● **Exercise goal**: Please copy the entries below word for word, leaving out any image.

● **Source material**:
=== Begin Enclosure ===

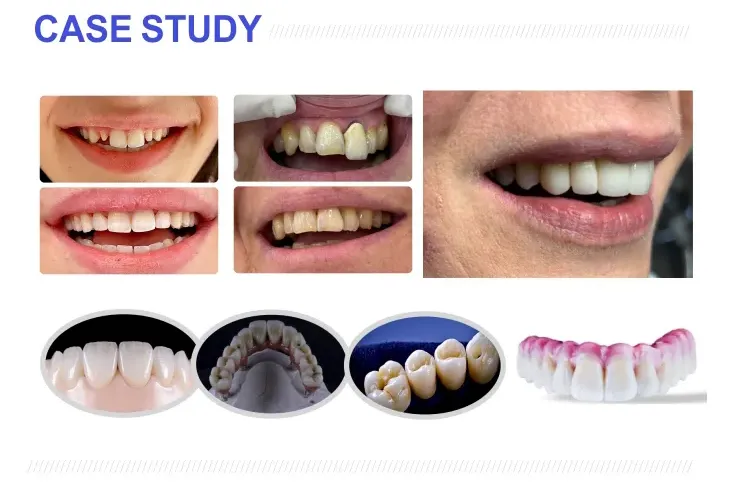 case of 1200 MPA Multilayer Dental Zirconia Block case of 1200 MPA Multilayer Dental Zirconia Block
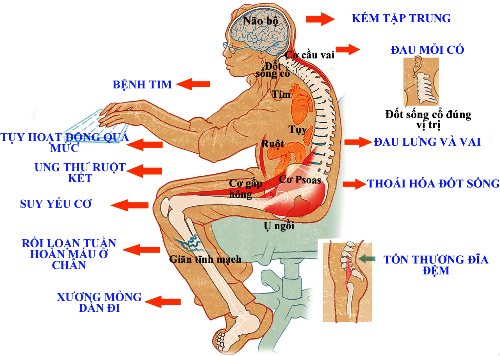 Sự thật sau 8 tiếng làm việc: Dân văn phòng ngồi quá nhiều, cái chết từ từ rồi sẽ đến, kể cả có cố tập thể dục! - Ảnh 1.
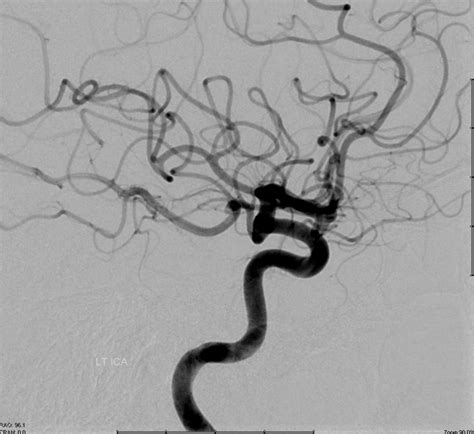 Internal Carotid Artery and Its Aneurysms | neuroangio.org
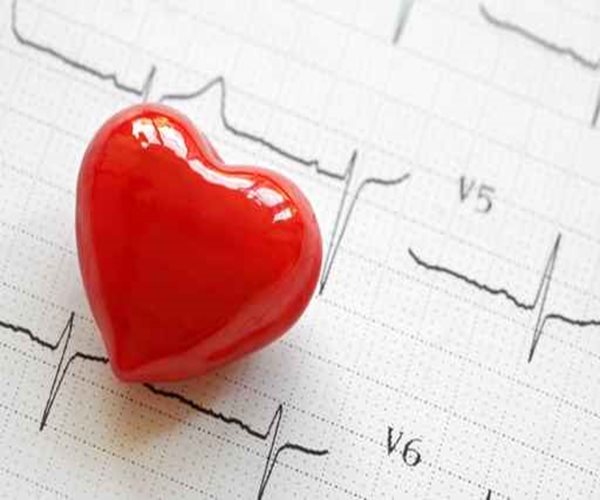 Irregular Heartbeat Tied to Several Health Risks 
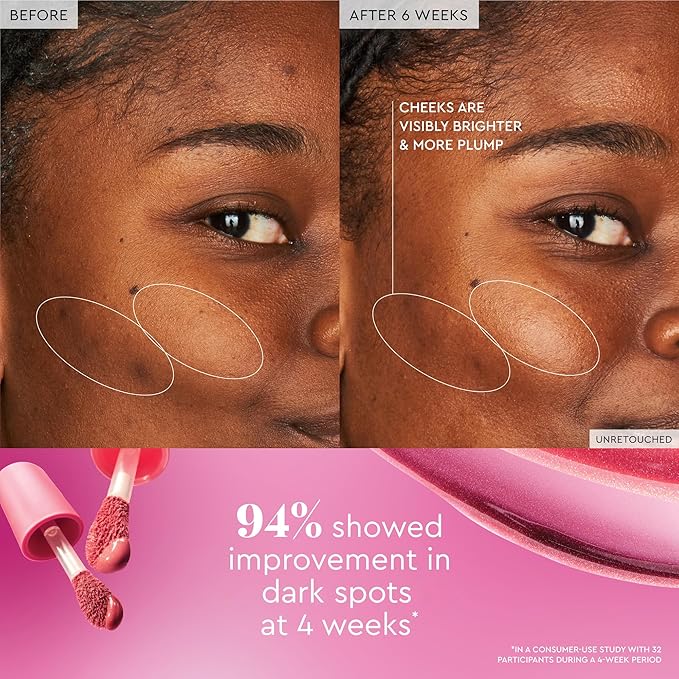 Glow Recipe Niacinamide Dewy Flush Tinted Liquid Blush Serum - Glowy Blush for Cheeks to Smooth, Hydrate & Brighten - Liquid Korean Makeup with Buildable Soft Pink Tint - Cherry Flush (0.4 oz)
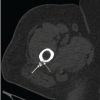 Calcific Tendinitis of the Linea Aspera with Bilateral Deposits and Inflammatory Asymmetry Presenting as Unilateral Pain: A Case Report and Review of Literature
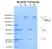 Anti IL6R (Tocilizumab Biosimilar) Antibody, clone rhPM-1 thumbnail image 1
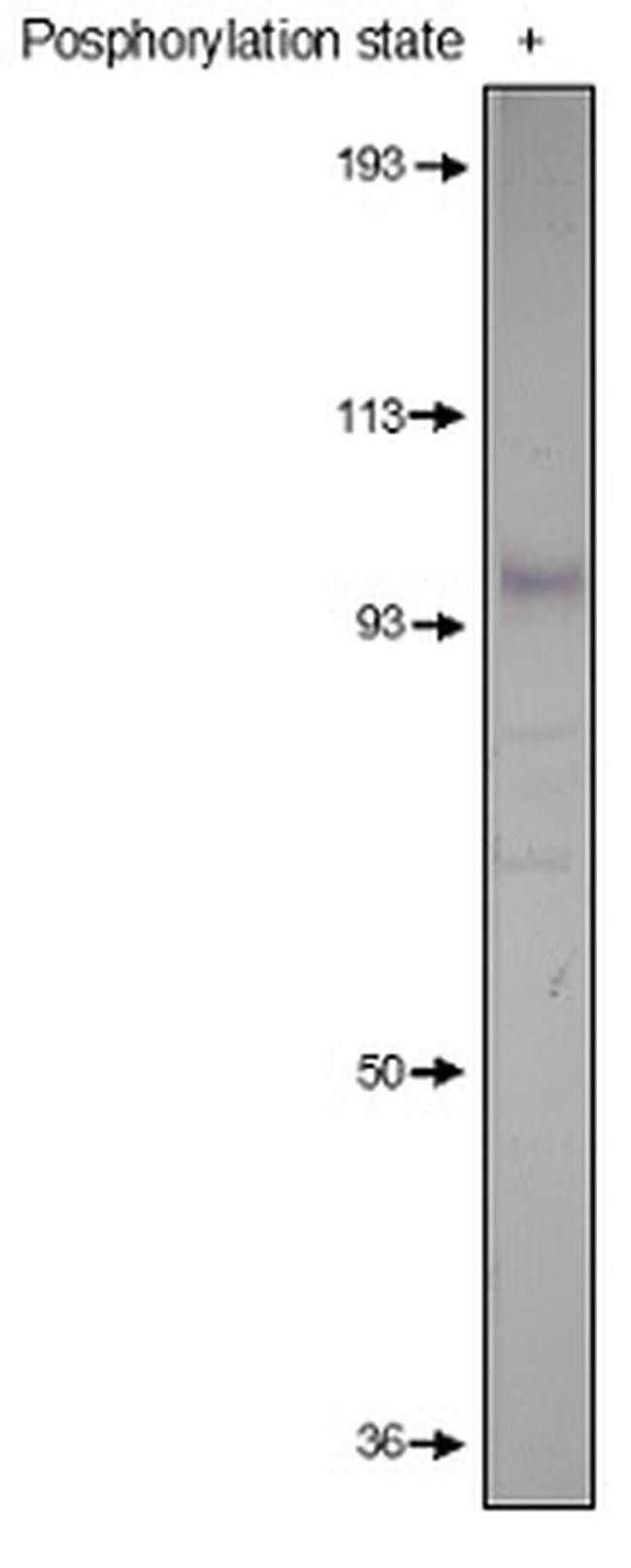 PDE4D Antibody in Western Blot (WB)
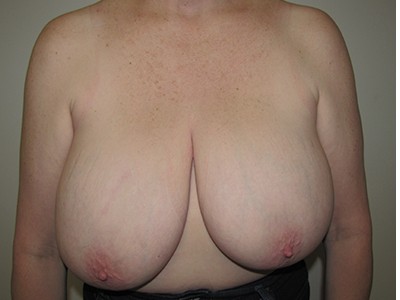 Bilateral Mastectomy with DIEP Flap Nipple Reconstruction and Tattoo before and after - before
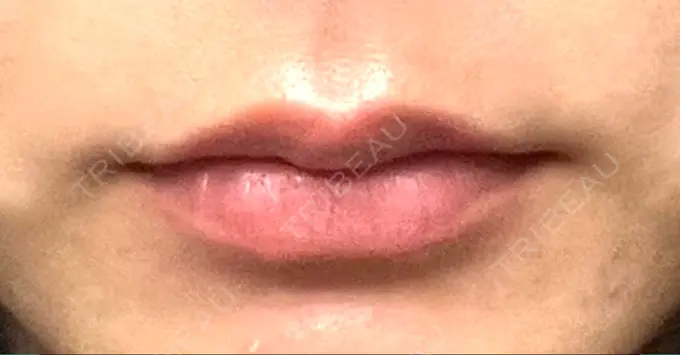 ヒアルロン酸注入（唇） 湘南美容クリニック 藤沢院 BEFORE メイン用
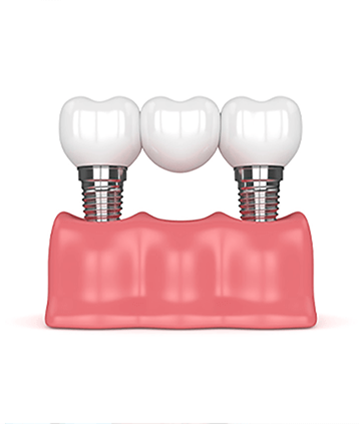 Why Choose Dental Implants? - sunridgedental.over-blog.com
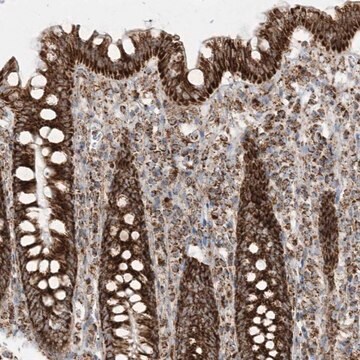 Anti-MRPS36 antibody produced in rabbit Prestige Antibodies&#174; Powered by Atlas Antibodies, affinity isolated antibody, buffered aqueous glycerol solution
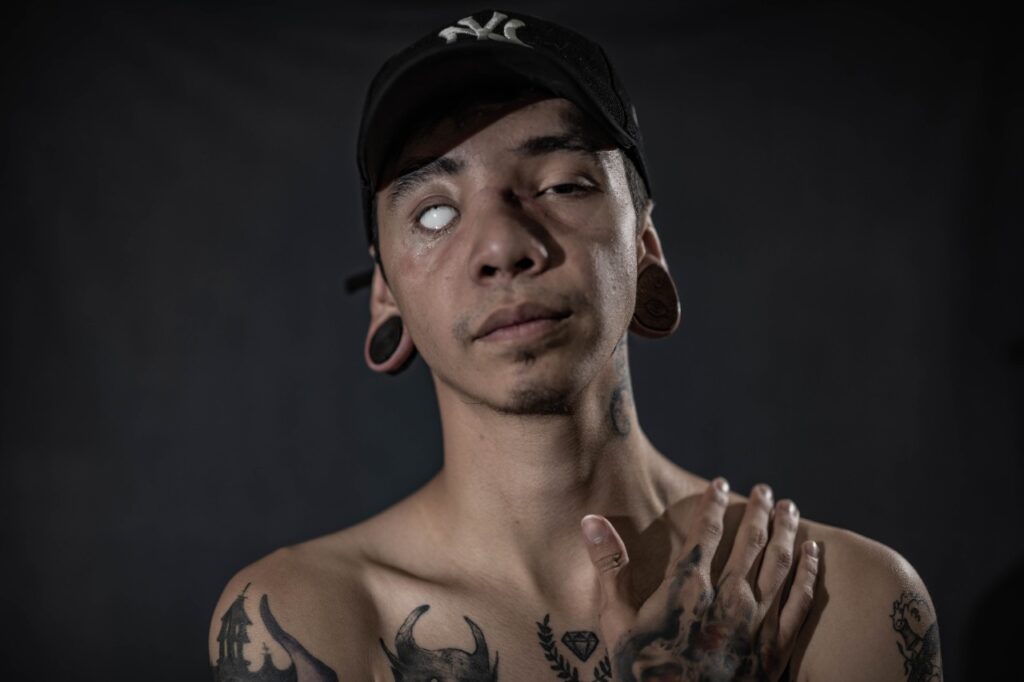 丹尼尔-亚历杭德罗-海梅斯（Daniel Alejandro Jaimes）是2021年5月ESMAD袭击的受害者，他在袭击中失去了右眼，10颗牙齿碎片，上颚和鼻子脱落。照片：Manuel Ortiz P360P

=== End Enclosure ===

● **Exercise output**:
 case of 1200 MPA Multilayer Dental Zirconia Block case of 1200 MPA Multilayer Dental Zirconia Block
 Sự thật sau 8 tiếng làm việc: Dân văn phòng ngồi quá nhiều, cái chết từ từ rồi sẽ đến, kể cả có cố tập thể dục! - Ảnh 1.
 Internal Carotid Artery and Its Aneurysms | neuroangio.org
 Irregular Heartbeat Tied to Several Health Risks 
 Glow Recipe Niacinamide Dewy Flush Tinted Liquid Blush Serum - Glowy Blush for Cheeks to Smooth, Hydrate & Brighten - Liquid Korean Makeup with Buildable Soft Pink Tint - Cherry Flush (0.4 oz)
 Calcific Tendinitis of the Linea Aspera with Bilateral Deposits and Inflammatory Asymmetry Presenting as Unilateral Pain: A Case Report and Review of Literature
 Anti IL6R (Tocilizumab Biosimilar) Antibody, clone rhPM-1 thumbnail image 1
 PDE4D Antibody in Western Blot (WB)
 Bilateral Mastectomy with DIEP Flap Nipple Reconstruction and Tattoo before and after - before
 ヒアルロン酸注入（唇） 湘南美容クリニック 藤沢院 BEFORE メイン用
 Why Choose Dental Implants? - sunridgedental.over-blog.com
 Anti-MRPS36 antibody produced in rabbit Prestige Antibodies&#174; Powered by Atlas Antibodies, affinity isolated antibody, buffered aqueous glycerol solution
 丹尼尔-亚历杭德罗-海梅斯（Daniel Alejandro Jaimes）是2021年5月ESMAD袭击的受害者，他在袭击中失去了右眼，10颗牙齿碎片，上颚和鼻子脱落。照片：Manuel Ortiz P360P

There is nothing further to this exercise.